Stored dataset items:
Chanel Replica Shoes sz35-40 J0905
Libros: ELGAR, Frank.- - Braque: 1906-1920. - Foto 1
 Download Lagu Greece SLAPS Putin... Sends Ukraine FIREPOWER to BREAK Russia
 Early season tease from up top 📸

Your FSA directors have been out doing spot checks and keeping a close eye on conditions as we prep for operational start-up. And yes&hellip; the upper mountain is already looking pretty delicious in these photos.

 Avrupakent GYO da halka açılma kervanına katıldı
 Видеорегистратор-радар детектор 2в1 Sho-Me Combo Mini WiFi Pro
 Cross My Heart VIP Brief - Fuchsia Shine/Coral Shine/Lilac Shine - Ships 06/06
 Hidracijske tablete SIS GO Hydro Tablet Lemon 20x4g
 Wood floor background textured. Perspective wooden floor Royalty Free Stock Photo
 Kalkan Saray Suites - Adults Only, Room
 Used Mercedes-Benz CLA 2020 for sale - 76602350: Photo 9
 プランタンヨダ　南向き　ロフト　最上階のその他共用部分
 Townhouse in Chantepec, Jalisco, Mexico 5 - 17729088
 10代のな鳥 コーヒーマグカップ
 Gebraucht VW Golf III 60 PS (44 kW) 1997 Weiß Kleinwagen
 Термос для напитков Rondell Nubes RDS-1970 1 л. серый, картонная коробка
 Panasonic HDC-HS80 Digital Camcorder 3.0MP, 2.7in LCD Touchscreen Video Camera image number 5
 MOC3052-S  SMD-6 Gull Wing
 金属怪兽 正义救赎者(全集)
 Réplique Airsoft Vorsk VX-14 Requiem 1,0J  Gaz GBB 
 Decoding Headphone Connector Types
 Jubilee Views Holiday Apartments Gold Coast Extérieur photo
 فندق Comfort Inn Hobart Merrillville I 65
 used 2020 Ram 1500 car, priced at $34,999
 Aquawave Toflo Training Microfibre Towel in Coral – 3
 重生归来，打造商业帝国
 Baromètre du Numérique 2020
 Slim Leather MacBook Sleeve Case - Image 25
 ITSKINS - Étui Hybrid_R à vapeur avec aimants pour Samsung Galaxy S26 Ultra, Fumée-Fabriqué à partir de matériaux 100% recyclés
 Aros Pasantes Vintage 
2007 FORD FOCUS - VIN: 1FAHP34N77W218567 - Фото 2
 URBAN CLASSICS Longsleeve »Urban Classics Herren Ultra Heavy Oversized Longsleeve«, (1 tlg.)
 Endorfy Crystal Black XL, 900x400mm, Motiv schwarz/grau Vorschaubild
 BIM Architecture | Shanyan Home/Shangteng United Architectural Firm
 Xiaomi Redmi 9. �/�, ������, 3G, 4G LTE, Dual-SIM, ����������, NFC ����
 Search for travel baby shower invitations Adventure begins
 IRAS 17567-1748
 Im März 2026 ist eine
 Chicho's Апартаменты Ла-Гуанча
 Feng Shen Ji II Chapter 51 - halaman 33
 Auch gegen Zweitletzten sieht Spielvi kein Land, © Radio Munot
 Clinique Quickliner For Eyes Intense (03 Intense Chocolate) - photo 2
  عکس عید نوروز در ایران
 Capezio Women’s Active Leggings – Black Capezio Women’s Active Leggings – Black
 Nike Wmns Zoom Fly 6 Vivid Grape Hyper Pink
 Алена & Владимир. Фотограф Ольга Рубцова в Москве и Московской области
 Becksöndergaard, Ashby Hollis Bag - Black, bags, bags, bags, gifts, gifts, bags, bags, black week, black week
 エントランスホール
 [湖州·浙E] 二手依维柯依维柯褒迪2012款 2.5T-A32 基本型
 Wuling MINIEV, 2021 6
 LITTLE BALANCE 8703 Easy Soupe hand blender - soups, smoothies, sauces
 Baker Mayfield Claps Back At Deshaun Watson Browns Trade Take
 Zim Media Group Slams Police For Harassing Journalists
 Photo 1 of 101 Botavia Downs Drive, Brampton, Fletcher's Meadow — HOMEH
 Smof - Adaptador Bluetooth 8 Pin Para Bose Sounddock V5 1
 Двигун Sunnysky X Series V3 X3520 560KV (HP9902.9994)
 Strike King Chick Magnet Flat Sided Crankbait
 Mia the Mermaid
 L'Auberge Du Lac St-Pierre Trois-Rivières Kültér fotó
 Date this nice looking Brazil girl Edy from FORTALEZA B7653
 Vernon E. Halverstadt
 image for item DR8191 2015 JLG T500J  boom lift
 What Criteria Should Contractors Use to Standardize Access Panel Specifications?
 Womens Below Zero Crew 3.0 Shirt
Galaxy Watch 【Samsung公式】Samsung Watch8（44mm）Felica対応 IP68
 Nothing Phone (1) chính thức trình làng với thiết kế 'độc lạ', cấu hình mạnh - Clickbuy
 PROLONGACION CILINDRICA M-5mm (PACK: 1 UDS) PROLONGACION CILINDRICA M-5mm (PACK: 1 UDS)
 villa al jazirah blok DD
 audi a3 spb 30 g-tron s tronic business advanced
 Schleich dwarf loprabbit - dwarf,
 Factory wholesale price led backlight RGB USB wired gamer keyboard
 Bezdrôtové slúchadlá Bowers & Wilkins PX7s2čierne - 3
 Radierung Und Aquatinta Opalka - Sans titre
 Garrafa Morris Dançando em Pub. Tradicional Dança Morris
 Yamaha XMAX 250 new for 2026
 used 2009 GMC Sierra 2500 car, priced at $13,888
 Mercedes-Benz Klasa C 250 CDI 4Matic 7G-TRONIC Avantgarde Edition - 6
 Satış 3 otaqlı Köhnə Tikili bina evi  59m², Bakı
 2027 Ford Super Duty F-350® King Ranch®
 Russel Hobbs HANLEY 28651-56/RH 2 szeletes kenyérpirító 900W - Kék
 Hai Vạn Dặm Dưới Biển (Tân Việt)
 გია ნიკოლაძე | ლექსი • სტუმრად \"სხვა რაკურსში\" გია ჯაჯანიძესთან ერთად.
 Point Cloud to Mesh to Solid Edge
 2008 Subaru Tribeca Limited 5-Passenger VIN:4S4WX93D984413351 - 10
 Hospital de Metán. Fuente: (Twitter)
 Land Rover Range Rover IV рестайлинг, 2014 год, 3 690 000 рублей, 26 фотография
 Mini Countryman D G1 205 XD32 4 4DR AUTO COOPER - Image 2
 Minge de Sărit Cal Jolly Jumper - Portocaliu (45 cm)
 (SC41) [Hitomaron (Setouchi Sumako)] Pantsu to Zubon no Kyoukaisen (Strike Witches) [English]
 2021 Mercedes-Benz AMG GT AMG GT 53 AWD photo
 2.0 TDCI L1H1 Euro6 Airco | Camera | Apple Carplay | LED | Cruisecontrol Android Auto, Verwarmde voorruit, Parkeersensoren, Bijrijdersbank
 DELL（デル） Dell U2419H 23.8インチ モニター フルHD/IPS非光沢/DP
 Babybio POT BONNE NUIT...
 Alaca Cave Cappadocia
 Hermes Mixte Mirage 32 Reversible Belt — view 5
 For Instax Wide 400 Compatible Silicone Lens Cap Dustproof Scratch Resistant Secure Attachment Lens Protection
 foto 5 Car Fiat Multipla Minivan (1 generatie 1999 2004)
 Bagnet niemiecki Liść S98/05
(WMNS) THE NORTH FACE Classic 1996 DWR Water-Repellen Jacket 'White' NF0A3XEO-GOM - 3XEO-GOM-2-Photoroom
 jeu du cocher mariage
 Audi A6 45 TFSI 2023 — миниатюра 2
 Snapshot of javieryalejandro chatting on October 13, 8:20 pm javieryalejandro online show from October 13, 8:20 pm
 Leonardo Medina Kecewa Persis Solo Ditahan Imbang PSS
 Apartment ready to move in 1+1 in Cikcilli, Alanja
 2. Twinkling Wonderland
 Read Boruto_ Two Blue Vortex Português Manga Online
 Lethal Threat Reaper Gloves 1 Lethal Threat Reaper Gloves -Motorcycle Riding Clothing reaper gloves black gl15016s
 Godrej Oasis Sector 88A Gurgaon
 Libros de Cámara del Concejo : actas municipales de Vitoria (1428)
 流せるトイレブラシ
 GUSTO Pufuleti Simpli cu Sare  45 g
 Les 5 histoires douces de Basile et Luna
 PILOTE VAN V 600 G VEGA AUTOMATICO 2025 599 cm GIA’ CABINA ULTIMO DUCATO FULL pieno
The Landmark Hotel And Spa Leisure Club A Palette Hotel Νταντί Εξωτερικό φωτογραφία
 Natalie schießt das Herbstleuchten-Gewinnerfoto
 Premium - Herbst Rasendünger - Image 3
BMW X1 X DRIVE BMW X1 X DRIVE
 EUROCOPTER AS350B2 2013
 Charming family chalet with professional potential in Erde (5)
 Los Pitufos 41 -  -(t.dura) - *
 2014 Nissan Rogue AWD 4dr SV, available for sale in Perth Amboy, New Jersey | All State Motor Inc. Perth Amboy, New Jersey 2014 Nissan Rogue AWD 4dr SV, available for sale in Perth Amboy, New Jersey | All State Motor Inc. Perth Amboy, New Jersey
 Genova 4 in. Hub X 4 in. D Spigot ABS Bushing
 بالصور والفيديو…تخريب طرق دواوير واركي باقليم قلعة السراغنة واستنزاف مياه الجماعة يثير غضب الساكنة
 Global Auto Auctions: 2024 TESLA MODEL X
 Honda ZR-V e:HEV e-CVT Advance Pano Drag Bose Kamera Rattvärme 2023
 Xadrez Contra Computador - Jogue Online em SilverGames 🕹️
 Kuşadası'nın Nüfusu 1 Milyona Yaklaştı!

§ **WHAT NEEDS TO BE DONE**
Print again the lines of the entries above that fall between the line holding "Radierung Und Aquatinta Opalka - Sans titre" and the line holding "2021 Mercedes-Benz AMG", inclusive, exactly as they stand.

§ **WRITTEN RESPONSE**
 Radierung Und Aquatinta Opalka - Sans titre
 Garrafa Morris Dançando em Pub. Tradicional Dança Morris
 Yamaha XMAX 250 new for 2026
 used 2009 GMC Sierra 2500 car, priced at $13,888
 Mercedes-Benz Klasa C 250 CDI 4Matic 7G-TRONIC Avantgarde Edition - 6
 Satış 3 otaqlı Köhnə Tikili bina evi  59m², Bakı
 2027 Ford Super Duty F-350® King Ranch®
 Russel Hobbs HANLEY 28651-56/RH 2 szeletes kenyérpirító 900W - Kék
 Hai Vạn Dặm Dưới Biển (Tân Việt)
 გია ნიკოლაძე | ლექსი • სტუმრად \"სხვა რაკურსში\" გია ჯაჯანიძესთან ერთად.
 Point Cloud to Mesh to Solid Edge
 2008 Subaru Tribeca Limited 5-Passenger VIN:4S4WX93D984413351 - 10
 Hospital de Metán. Fuente: (Twitter)
 Land Rover Range Rover IV рестайлинг, 2014 год, 3 690 000 рублей, 26 фотография
 Mini Countryman D G1 205 XD32 4 4DR AUTO COOPER - Image 2
 Minge de Sărit Cal Jolly Jumper - Portocaliu (45 cm)
 (SC41) [Hitomaron (Setouchi Sumako)] Pantsu to Zubon no Kyoukaisen (Strike Witches) [English]
 2021 Mercedes-Benz AMG GT AMG GT 53 AWD photo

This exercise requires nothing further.